Figure 3 Ionograms over Cachoeira Paulista from 11:00 to 11:20 UT on 2 January 2016. The red arrows indicate the presence of Es layers. The black vertical line represents the fbEs parameter, and the top of the blue vertical line marks the virtual height of the Es layer. In the ionograms, the overhead reflections for ordinary and extraordinary waves are red and green, respectively.

Figure 4 Comparison of sporadic E heights (a) and their intensity (b) obtained by radio occultation and ionosonde measurements.

3 Comparison of sporadic E parameters obtained by digisonde and RO measurements

In this section, we will demonstrate that ionosonde and RO measurements provide similar results at low latitudes with respect to sporadic E parameters such as its heights and intensities. Therefore, we compared Es parameters from the ionosonde at Cachoeira Paulista with results from co-located RO measurements. We found 90 RO events, which are located close to the Cachoeira Paulista station (maximum distance of 1^∘ in latitude–longitude) and compared with the Es layer altitudes and corresponding intensities obtained from both measurement techniques. The “h” types of Es layers are excluded in this study. The results of the comparison are shown in Fig. 4, for height (Fig. 4a) and for frequency (Fig. 4b). Notice that we found high correlations of 0.91 for the Es height measurements and of 0.74 for frequency or intensity measurements.

Despite the fact that the “h” type Es layer (Es_h) being observed almost every day in Cachoeira Paulista ionograms at high altitudes, around 120–130 km (Resende et al., 2017a), they were excluded from the present analysis due to the upper limit limitation of the Ro technique to detect Es (Arras et al., 2009).

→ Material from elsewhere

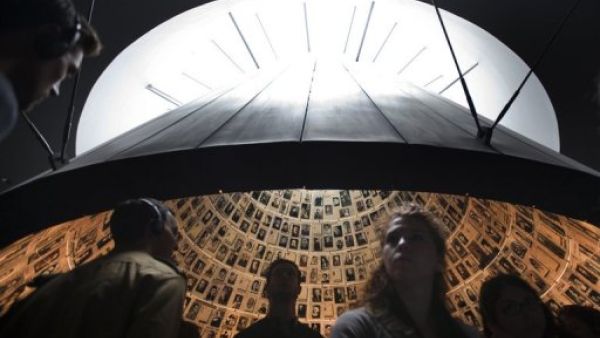 زوار داخل نصب ياد فاشيم في القدس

Figure 5 shows sequences of ionograms that provide examples of “h” and “l” types of Es layers. Panel 1a of Fig. 5 shows an ionogram acquired at 16:10 UT on 27 January 2016, where it is possible to identify the Es_h layer. In the next ionogram, obtained after 10 min, the Es_h layer becomes evident. This characteristic persisted in the next ionogram (16:30 UT). In fact, the Es_h layer often descends with time, and it can merge with other Es layer types, such as “c” or “l”. Figure 5a–c show an Es_l layer observed on 2 January 2016, from 10:30 to 10:50 UT, in which the F region was blocked due to its presence. The “c” and “l” types are formed by the zonal wind component, mainly the diurnal tide (Haldoupis, 2011; Resende et al., 2017a). Therefore, as in the RO data, it is possible to study only Es layers of “c” or “l” types.

Figure 5 Sequence of ionograms where it is possible to identify the different types of Es: “h” (panel 1) and “l” (panel 2).

Figure 6 Distribution of sporadic E intensity in the South American region divided by season between 2014 and 2016.

A high correlation of 0.74 was obtained for the intensity parameter, which reveals that the S4 value calculated from RO measurements is suitable to estimate the Es layer intensity at low latitudes. However, the correlation is not as expressive as that of the height, which may be a result of the completely different approaches used for sporadic E intensity estimation.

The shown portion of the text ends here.